Host: Do those kind of hits build momentum? They put you in a penalty kill situation, but do you somehow strangely build momentum from that?
Laich: Yeah, absolutely. We killed the penalty off, which is great, you want to do that. But those are the types of penalties that the killers will go out there on a mission to kill it. They'll say, 'absolutely, we'll kill that off.' And what it did was Visnovsky got knocked out of the game. That puts them down to five D, in the second tier, which, with the way we play with a heavy forecheck, a grinding forecheck, where we always finish our checks, five or six defensemen is tough enough, but playing with five it's even more difficult. So it's a quote-unquote 'good penalty to take.' It knocks them down to five defensemen. We kill the penalty off, we get momentum and we can really start to lean on those defensemen, those five guys left.
Now what?
Wilson won't be hearing from the NHL's Department of Player Safety, per ESPN's Katie Strang, so you can expect to see him at Verizon Center for Game 5 on Thursday night.

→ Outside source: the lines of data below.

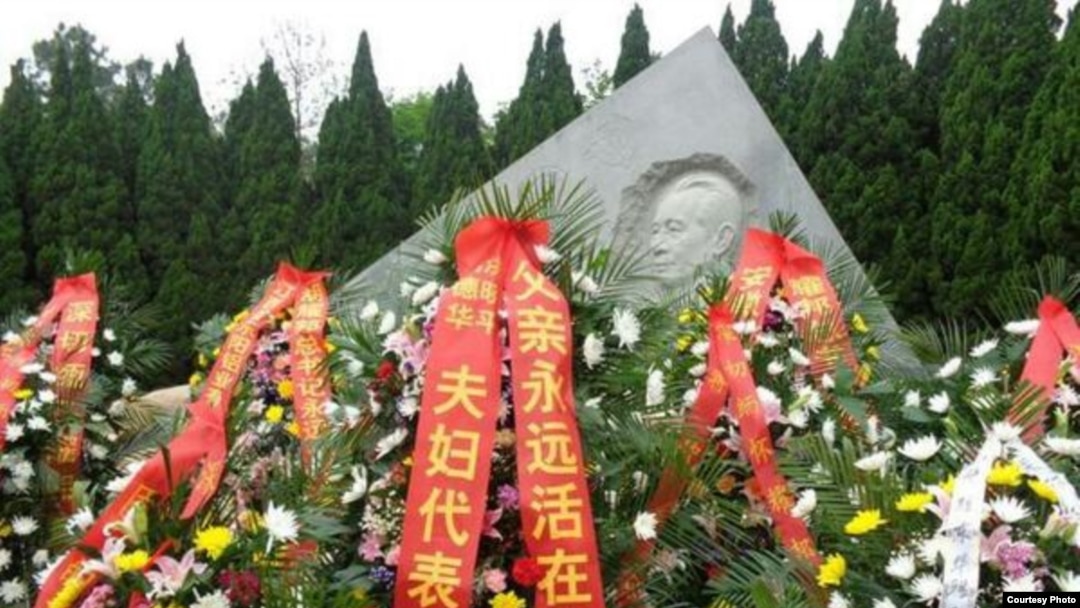 胡德華代表家人向胡耀邦陵墓敬獻的花圈(推特圖片/朱毅拍攝)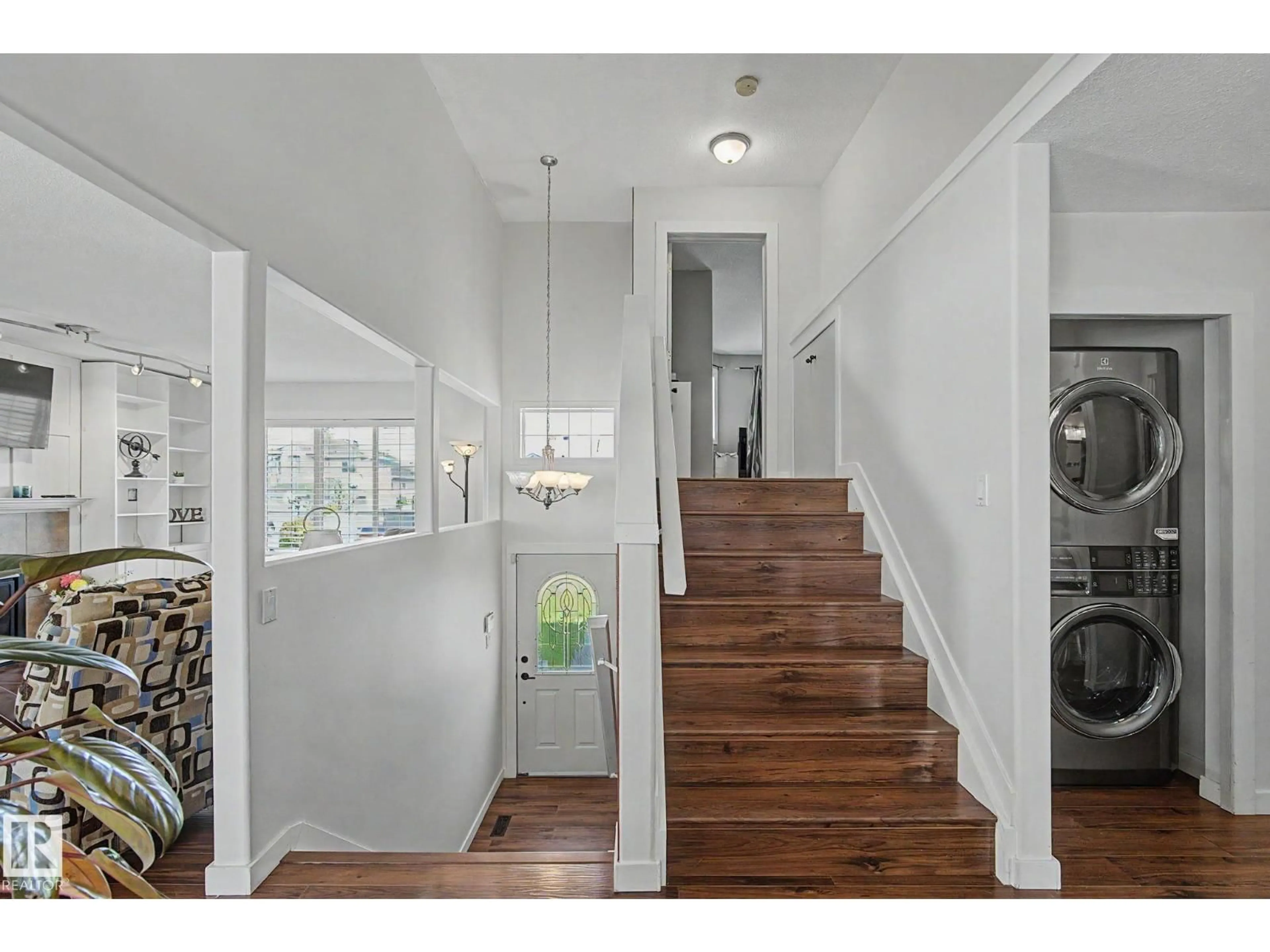 Indoor entryway for 7565 165A AV, Edmonton Alberta T5Z3P9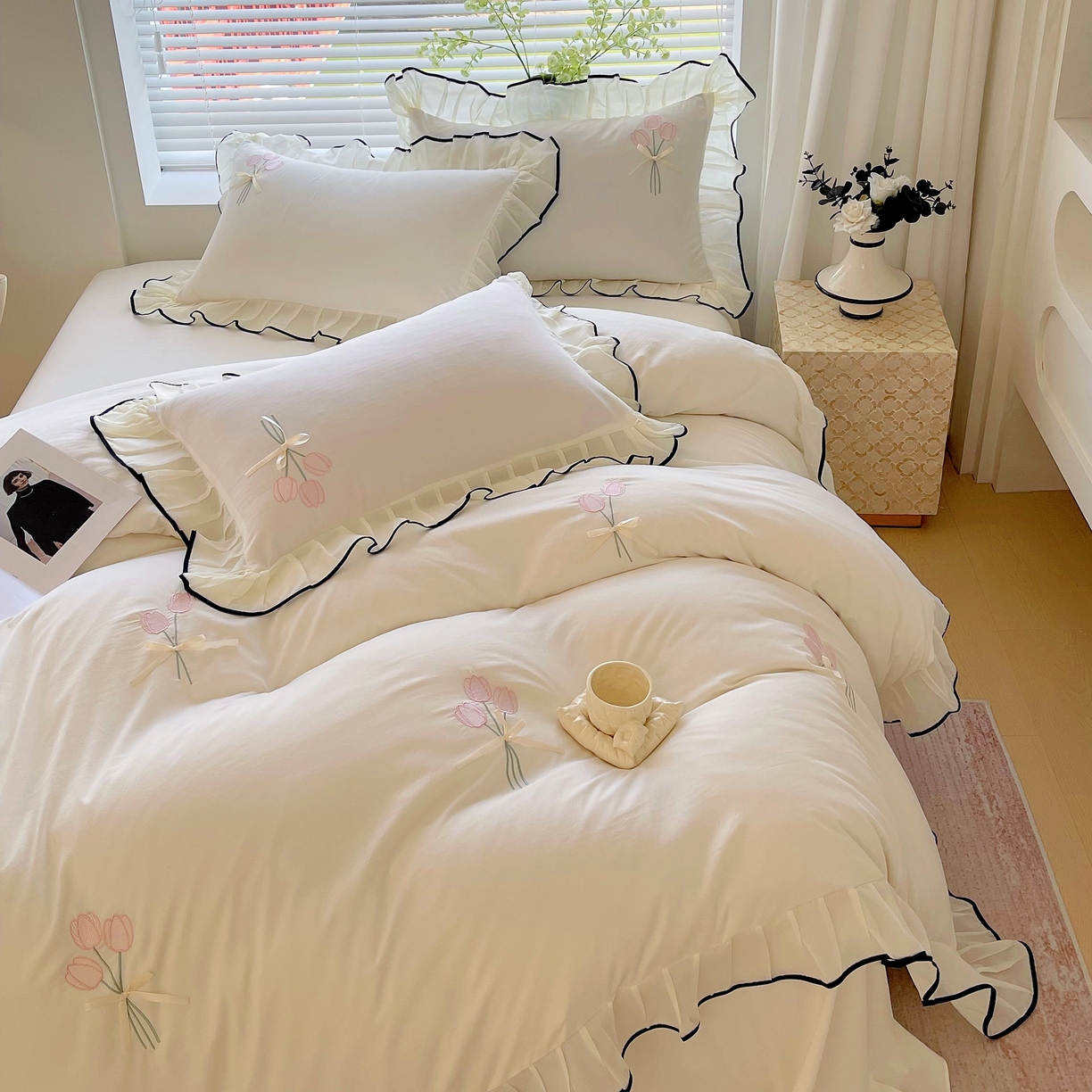 91家纺网 家纺一手货源 找家纺 大麦乐田 2025新款小清新水洗糯小棉花边纸立体花刺绣四件套 郁金香-嫩米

Per the rules of engagement, the Caps won Game 4 on Nicklas Backstrom's overtime goal, so they get to smile and strut and Wilson gets to be the BMOC, while the Islanders stew about opportunities missed (mostly on penalties to Wilson) and contemplate various revenge scenarios on their flight to Reagan International.
But maybe the best look at both sides of the issue comes from a guy who knows a thing or two about hitting, Matt Martin. Again, via Strang:
"Obviously, it's a fine line," Martin said after Tuesday's optional practice at Nassau Coliseum. "You see one of our guys go down like that and you get a little upset, but at the same time you have to realize there's a lot at stake."
Said Martin: "The most important thing is winning. You want to be physical, but at the same time you have to be disciplined."
The series is tied at two games apiece. The best revenge for the Islanders would be taking a 3-2 lead back to Long Island.